Segment Start: Exercise inputs

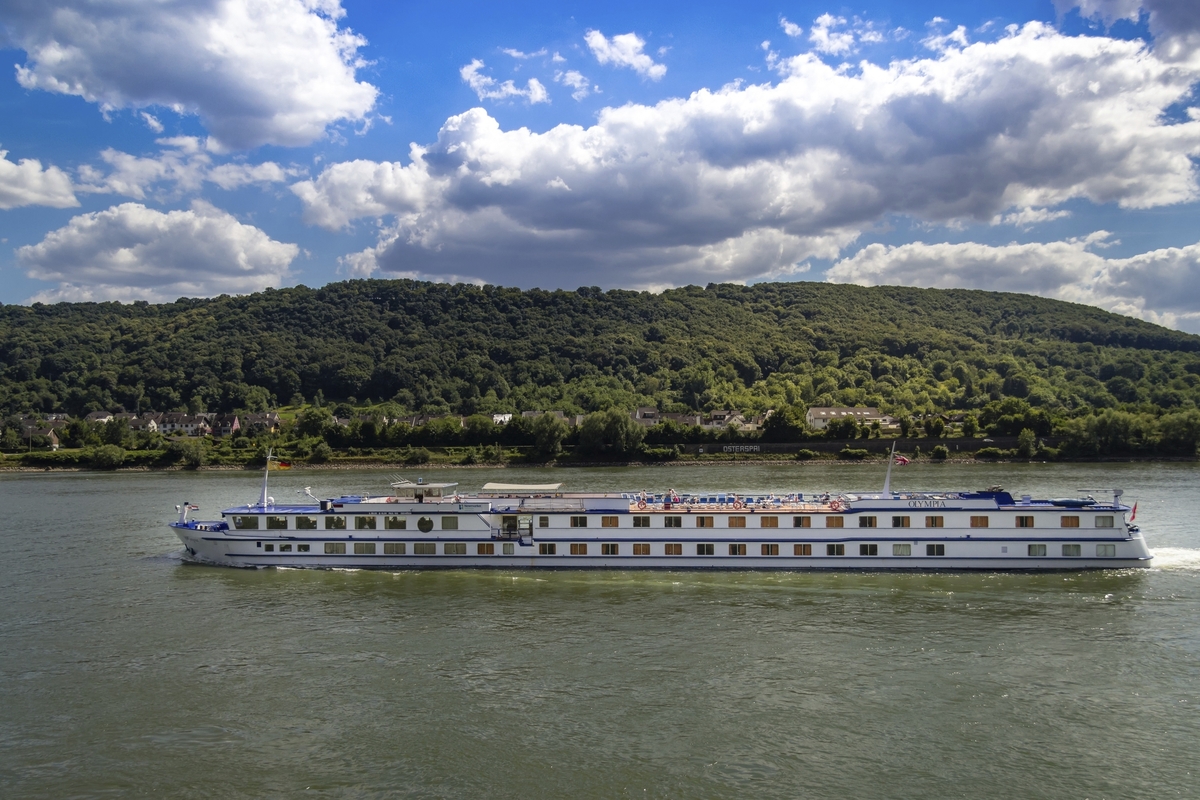 Ein Flusskreuzfahrtschiff auf einem Fluss vor einem bewaldeten Hügel.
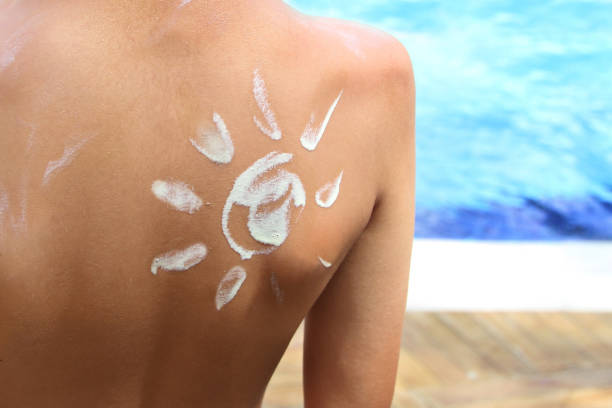 istock Sunscreen lotion over tan skin, sun protection and vacation 843379992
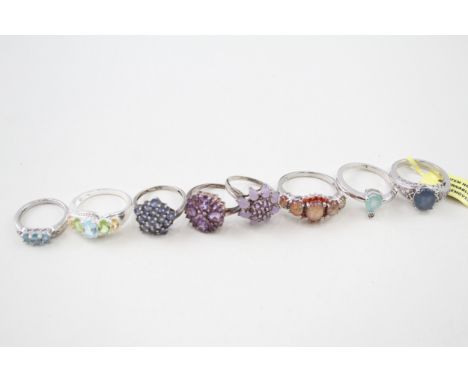 A collection of gemstone rings including opal and amethyst (32g) 
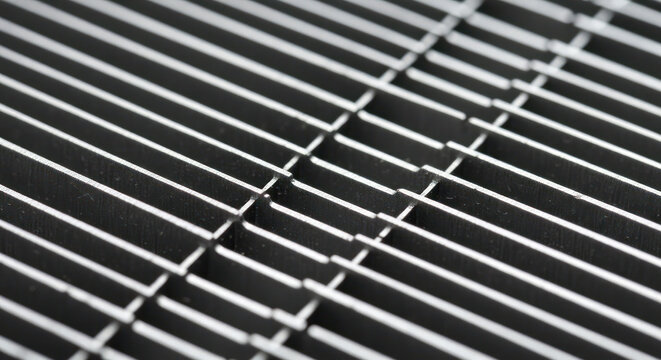Close-up of a metal grate with parallel bars on a white background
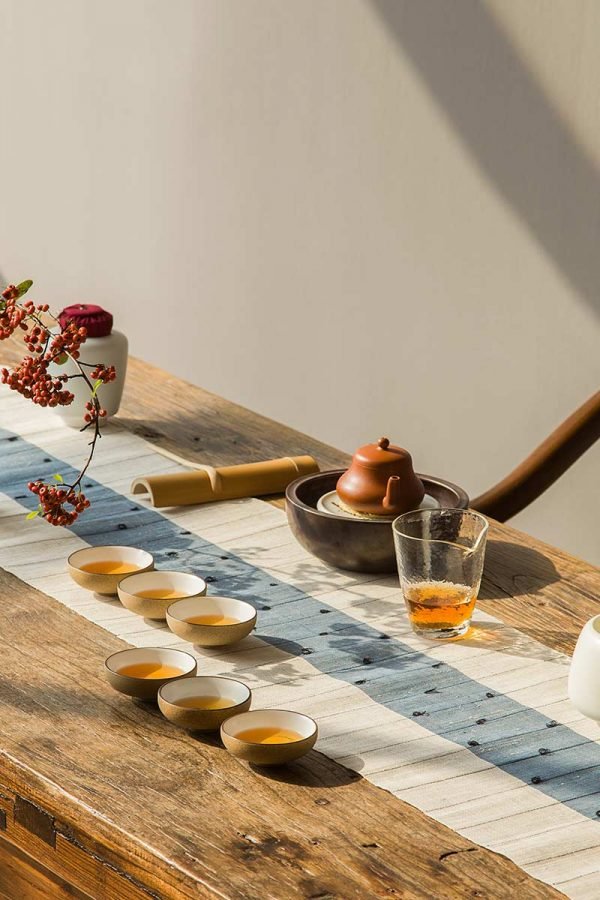 Traditional tea setup with clay teapot and cups on a rustic table.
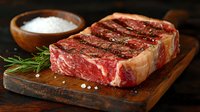 Juicy marbled raw beef steak on wooden cutting board with salt and rosemary, ready for grilling or cooking gourmet meals.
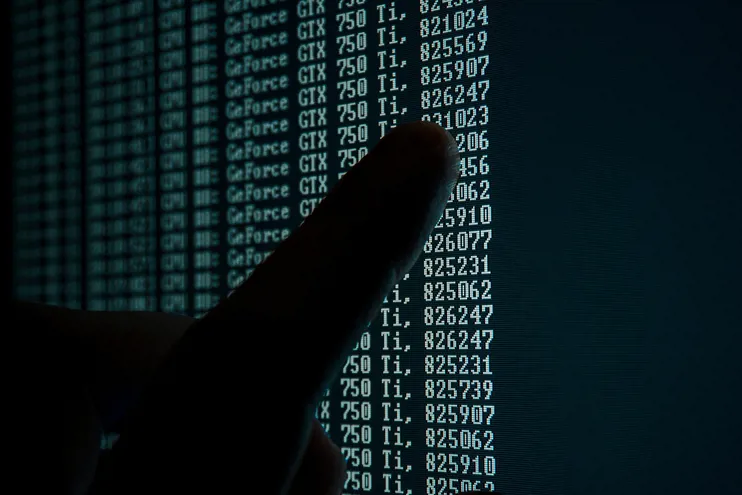Person examining computer code on a screen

Segment End: Exercise inputs

# Task to carry out
Repeat each record exactly as shown above, dropping all images.

# Response area
 Ein Flusskreuzfahrtschiff auf einem Fluss vor einem bewaldeten Hügel.
 istock Sunscreen lotion over tan skin, sun protection and vacation 843379992
 A collection of gemstone rings including opal and amethyst (32g) 
Close-up of a metal grate with parallel bars on a white background
 Traditional tea setup with clay teapot and cups on a rustic table.
 Juicy marbled raw beef steak on wooden cutting board with salt and rosemary, ready for grilling or cooking gourmet meals.
Person examining computer code on a screen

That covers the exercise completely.